By Order of the Board of Directors
Date: April 24, 2000
Frank C. Heyman, Secretary
<PAGE>
PROXY
GALAXY ENTERPRISES, INC.
This Proxy is solicited on behalf of the Board of Directors
The undersigned hereby appoints John J. Poelman and Frank C. Heyman and each of
them as Proxies, with full power of substitution, and hereby authorizes them to
represent and vote, as designated on the reverse, all shares of Common Stock of
the Company held of record by the undersigned on April 21, 2000, at the Annual
Meeting of Shareholders to be held at the Company's corporate offices at 754
East Technology Avenue, Orem, Utah 84097, on Wednesday, May 17, 2000, at 10:00
a.m., local time, or at any adjournment thereof.
(To Be Signed On Reverse Side.)
[x] Please mark your votes as in this example.
For Withheld
1. Election of Directors. [ ] [ ] Nominees: John J. Poelman
Brandon B. Lewis
Frank C. Heyman
Darral G. Clarke
(INSTRUCTIONS: To withhold authority to vote for any individual nominee, write
that nominee's name on the space provided below.)
- --------------------------------------------------------------------------------
For Against Abstain
2. To amend the Company's 1997 Stock [ ] [ ] [ ]
Option Plan to increase the number
of shares authorized for issuance
under the Plan from 1,000,000 to
2,000,000.
3. In their discretion, the Proxies [ ] [ ] [ ]

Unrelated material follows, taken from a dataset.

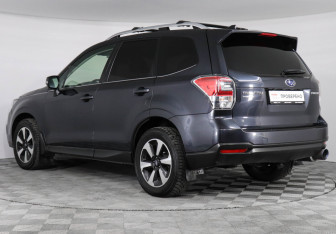 Подержанный автомобиль Subaru Forester Suv 2018 года (7 фото)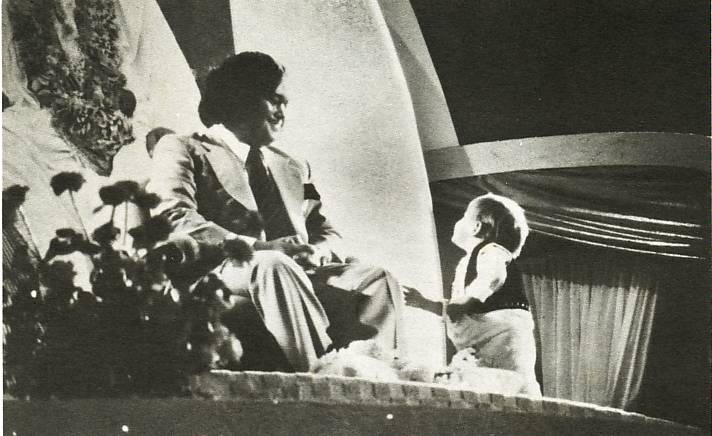 Prem Rawat Inspirational Speaker On Stage With Son Hans Jayanti Festival Rome 1977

are authorized to vote upon such
other business as may properly come
before the Annual Meeting.
THIS PROXY WHEN PROPERLY EXECUTED WILL BE VOTED IN THE MANNER DIRECTED HEREIN BY
THE UNDERSIGNED SHAREHOLDER. IF NO DIRECTION IS MADE, THIS PROXY WILL BE VOTED
FOR PROPOSALS 1, 2 AND 3.
Please sign and date this Proxy where shown below and return it promptly:
No postage is required if this Proxy is returned in the enclosed envelope and
mailed in the United States.
SIGNATURE(S) ________________________________________ DATE ___________________
Note: Please sign above exactly as the shares are issued. When shares are held
by joint tenants, both should sign. When signing as attorney, executor,
administrator, trustee or guardian, please give the full title as such. If a
corporation, please sign in full corporate name by President or other authorized
officer. If a partnership, please sign in partnership name by authorized person.